1. Protection of major pieces of equipment and of system integrity, 2. Continuity of high-quality service,

3. System secure operation,

4. System economic and environmentally acceptable operation, 5. Emergency state control,

6. Restorative control in minimum time.

As a rule, control action is based on information derived from direct measurements and/or inferred data. A properly designed and operated power system should, therefore, meet the following fundamental requirements.

1. The system must be able to meet the continually changing load demand for active and reactive power.

Unlike other types of energy, electricity cannot be conveniently stored in sufficient quantities.

Therefore, adequate spinning reserve of active and reactive power should be maintained and appropriately controlled at all times.

2. The system should supply energy at minimum cost and with minimum ecological impact.

3. The quality of the power supply must meet certain minimum standards with regard to the factors:

a. constancy of frequency, b. constancy of voltage, c. level of reliability.

Several levels of controls involving a complex array of devices are used to meet the above requirements.

These are depicted in Figure 1., which identifies the various subsystems of a power system and the associated controls.

Fig. 1. Subsystems of a power system and associated controls

The primary purpose of the system genration control is the balance the total system generation against system load and losses so that the desired frequency and power interchange with neighborong systems (tie flows) is maintained.

The transmission controls include power and voltage control devices, such as static var compensators, synchronous condensers, switched capacitors and reactors, tap-changing transformers, phase-shifting transformers, and HVDC transmission controls.

These controls contribute to the satisfactory operation of power system by maintaining system voltages and frequency and other system variables within their acceptable limits.

The control objectives are dependent on the operating state of the power system. Under normal conditions, the control objective is to operate as efficiently as possible with voltages and freqency close to nominal values.

When an abnormal condition develops, new objectives must be met to restore the system to normal operation.

Design and operating criteria play an essential role in preventing major system disturbances following severe contingencies. The use of criteria ensures that, for all frequently occurring contingences, the system will, at worst, transit from the normal state to the alert state, rather than to a more severe state such as the emergency state or the in extremis state. When the alert state is entered following a contingency, operators can take actions to return the system to the normal state.

3. POWER SYSTEM OPTIMIZATION AS A FUNCTION OF TIME

The term power system security is used to mean the ability of the bulk power electric power system to withstand sudden disturbances such as electric short circuits or unanticipated loss of system components.
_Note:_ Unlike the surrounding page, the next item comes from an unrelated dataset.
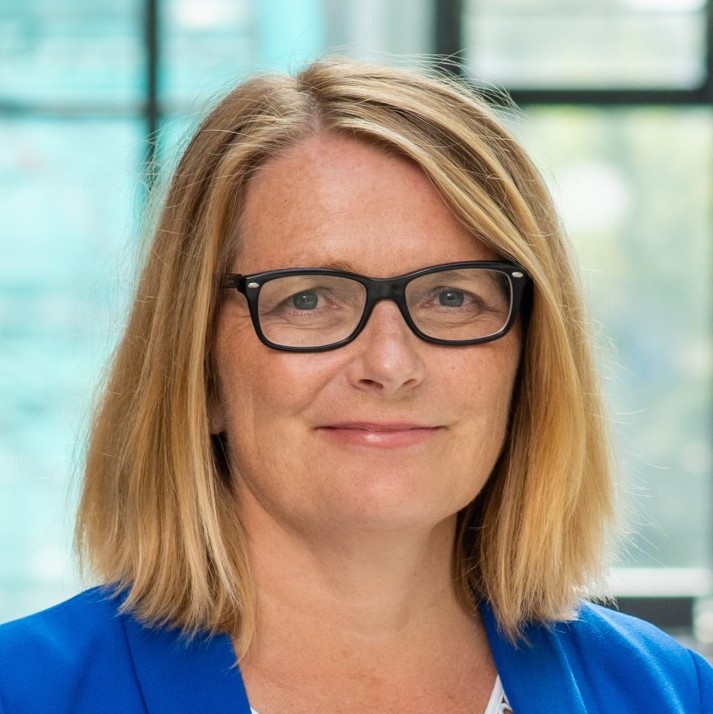 Sunniva Whittaker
In terms of the requirements for the proper planning and operation of the power system, it means that following the occurrence of a sudden disturbance, the power system will:

1. survive the ensuing transient and move into an acceptable steady-state condition, and

2. in this new steady-state condition, all power system components operate within established limits.

In the process of security assessment it may be concluded that the system is in the insecure normal state. In that case, the system operator will attempt to manipulate system variables so that the system is secure. This action is called preventive control. If the system is in an emergency state, then two types of control action are possible. In the first type, called corrective control, action is possible whereby the system is sent back to the normal state. If corrective control is not possible, the emergency control is applied.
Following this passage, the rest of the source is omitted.